_Problem description:_
Write out again, exactly as they appear, the lines from the start of the data below through the line with "Next, type in"; no pictures.

_Source material:_
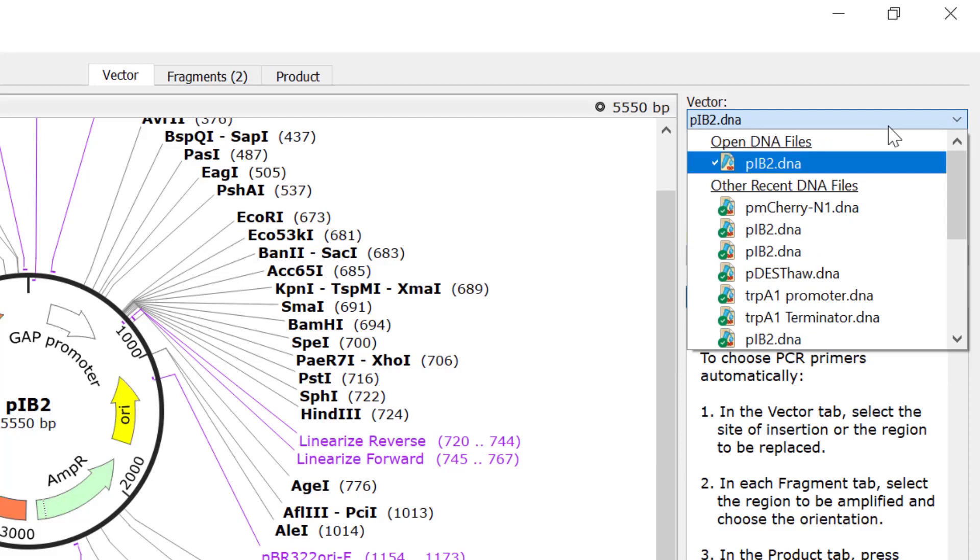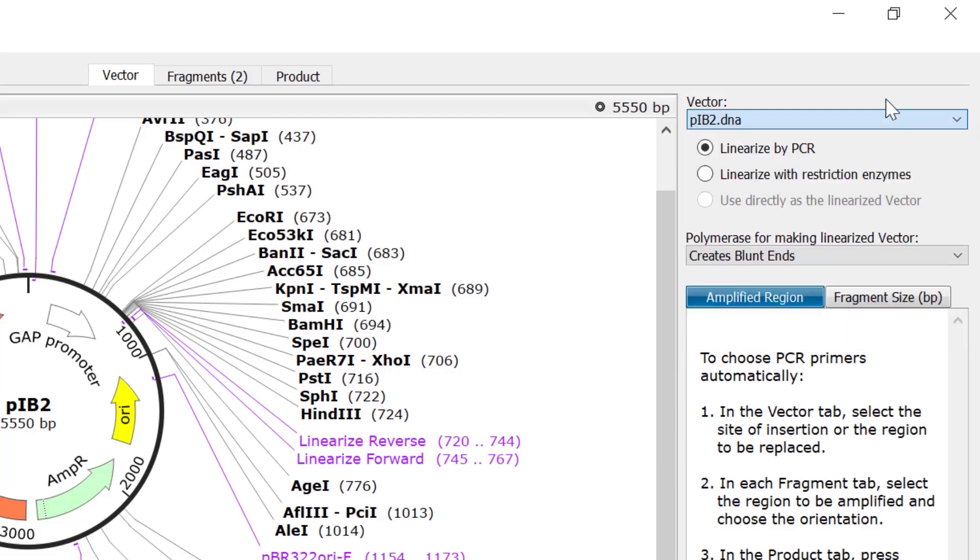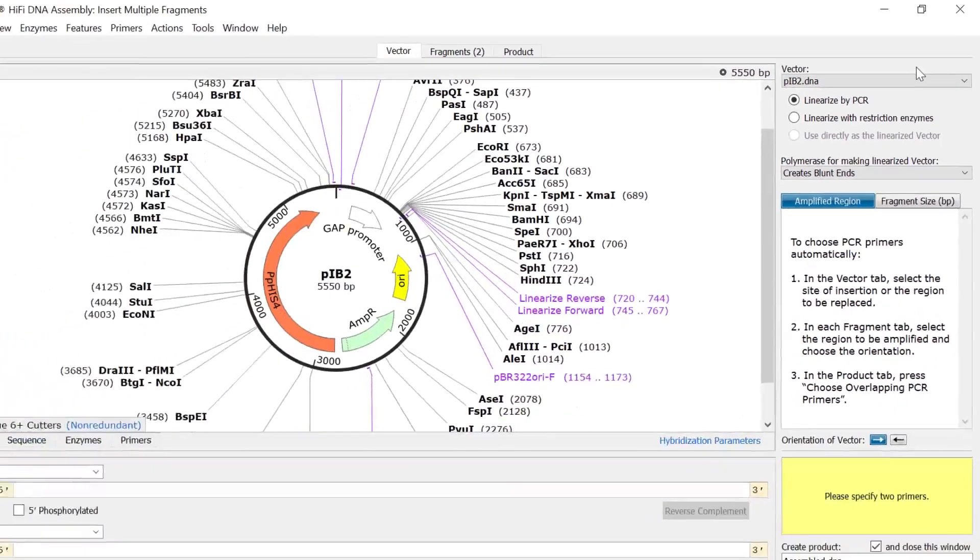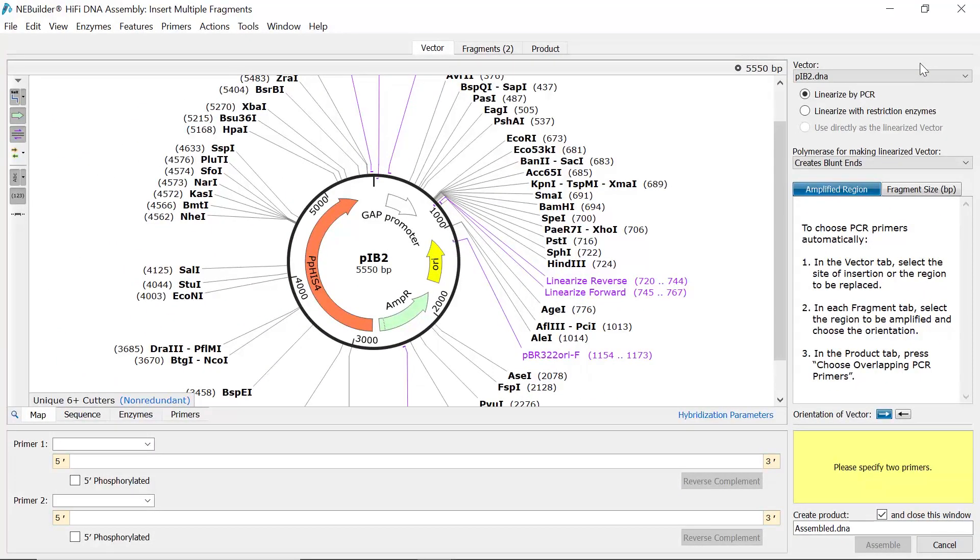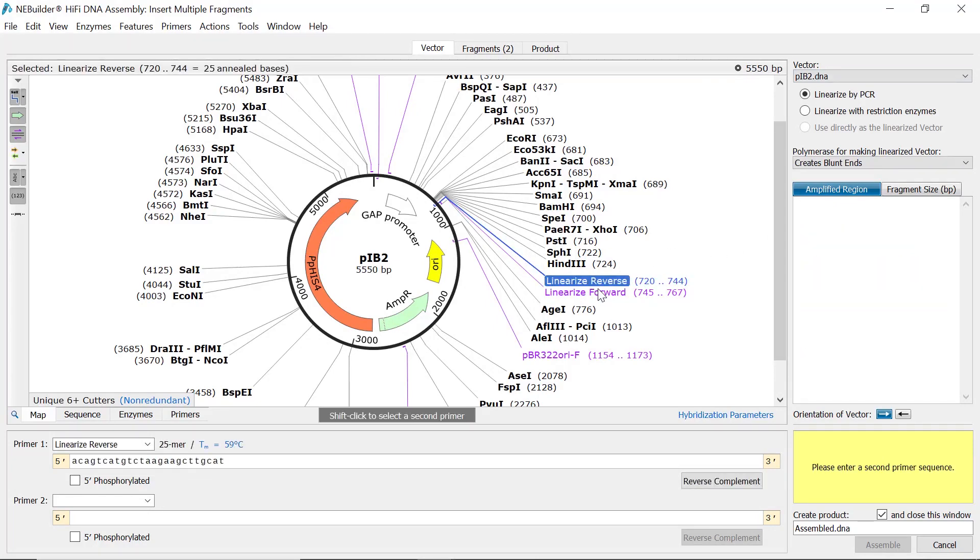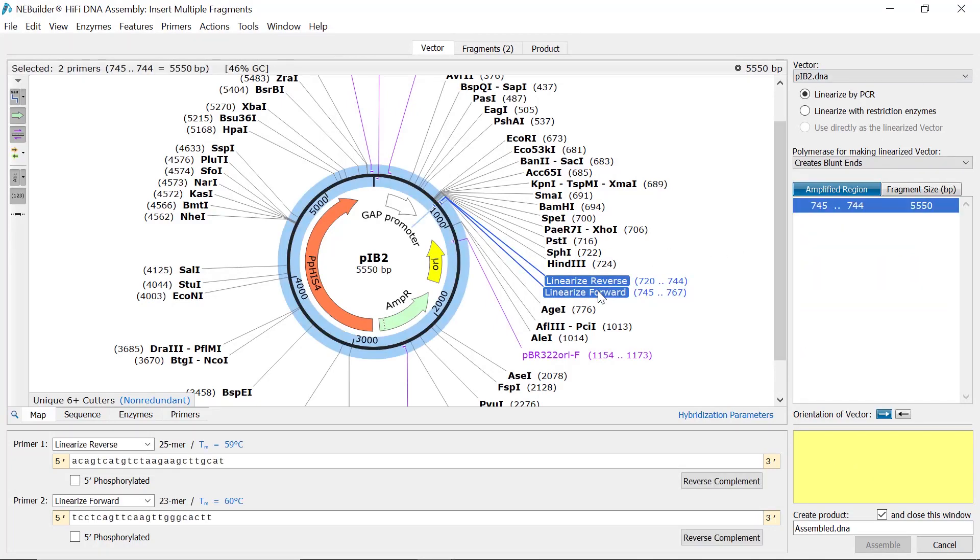Next, select the desired method of linearizing your vector, either through PCR or restriction digestion. To linearize by PCR, simply shift-click on the two desired primers in the map view. The amplified region will then be highlighted.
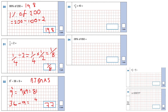Question 33: 1 and a half times 40. 1 times 40 is 40; a half times 40 is 40 divided by 2, which is 20. Adding together gives 60.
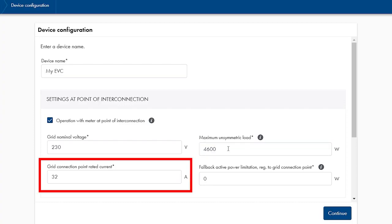Next, type in with which nominal current the house connection is protected. In this case, the house connection is protected by a 32A fuse.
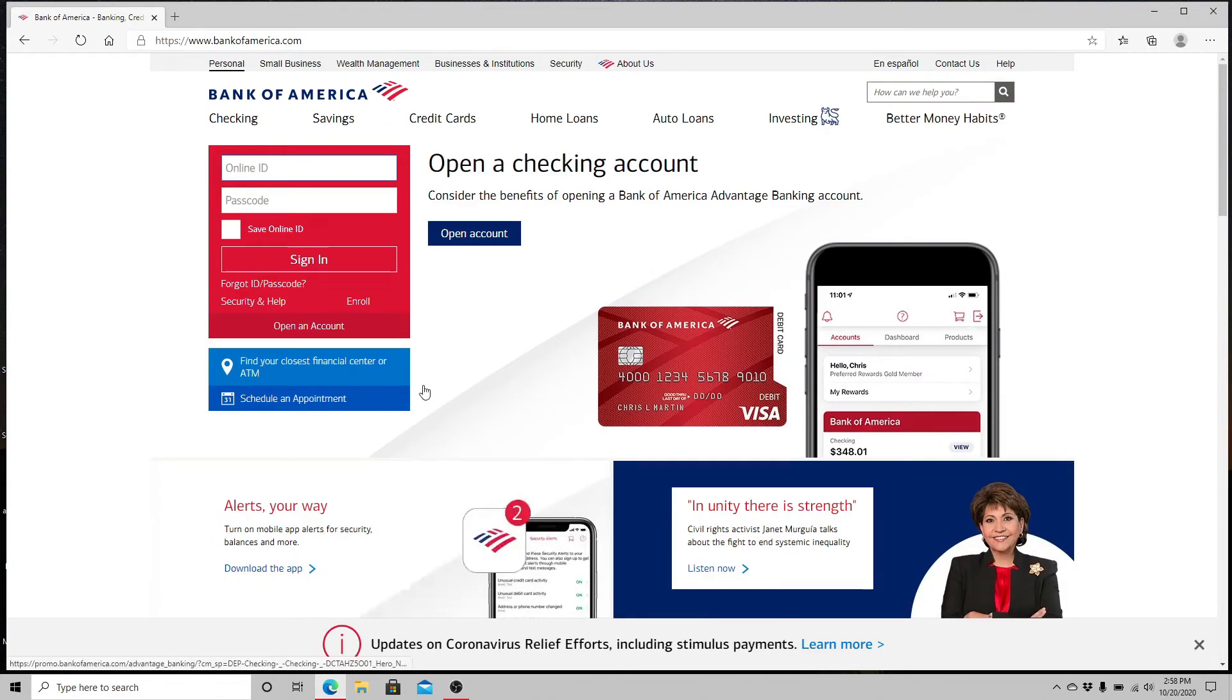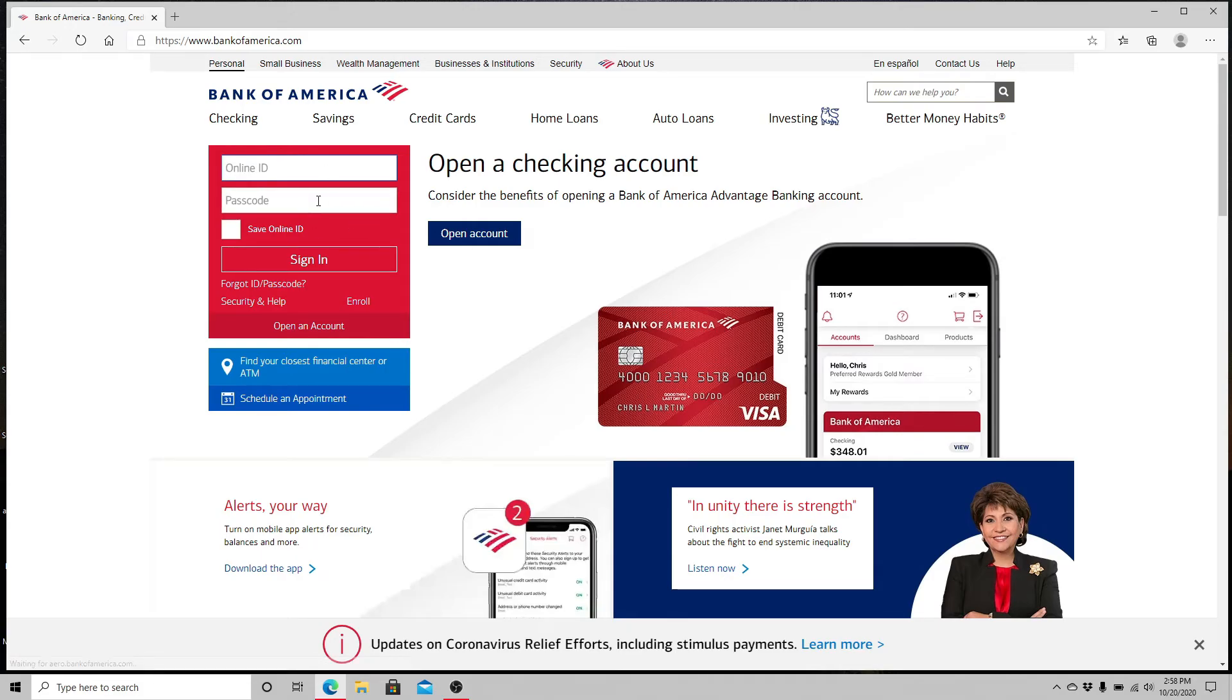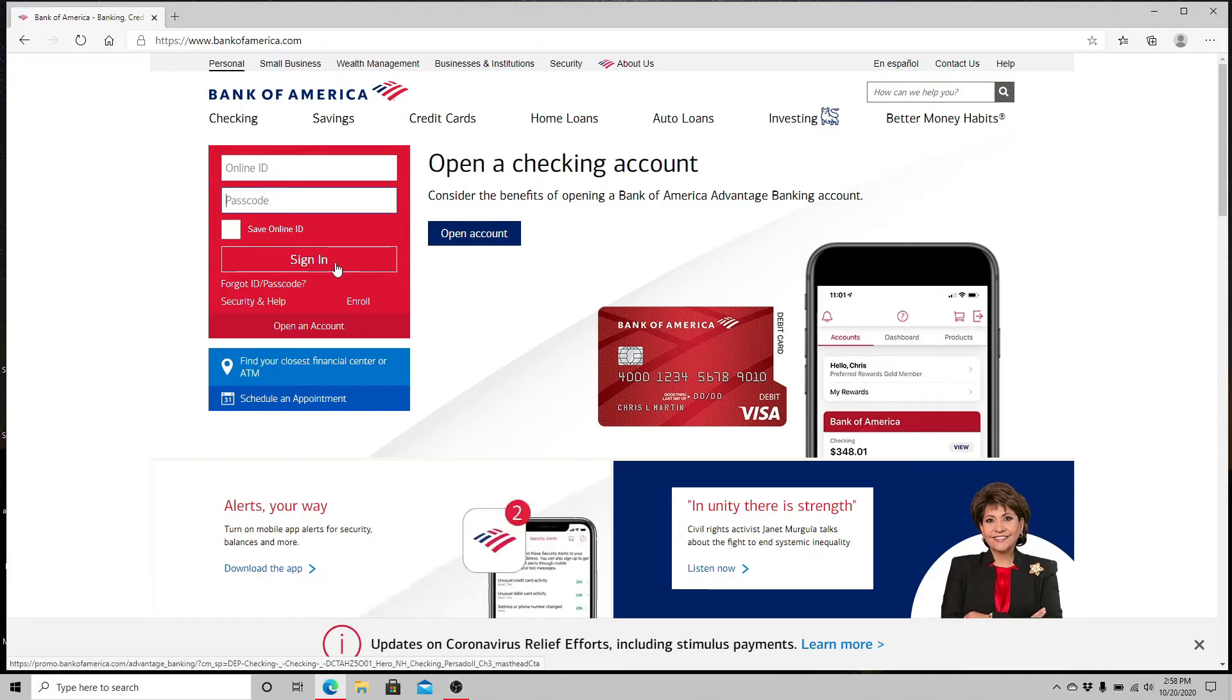Once you reach the official webpage, enter your online ID in the first row. On the second row, enter your passcode. If you want the site to remember your online ID, click on Save Online ID. In case you forgot your ID or passcode, click on the link that says Forgot ID or Passcode.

_Written solution:_
Next, select the desired method of linearizing your vector, either through PCR or restriction digestion. To linearize by PCR, simply shift-click on the two desired primers in the map view. The amplified region will then be highlighted.
Question 33: 1 and a half times 40. 1 times 40 is 40; a half times 40 is 40 divided by 2, which is 20. Adding together gives 60.
Next, type in with which nominal current the house connection is protected. In this case, the house connection is protected by a 32A fuse.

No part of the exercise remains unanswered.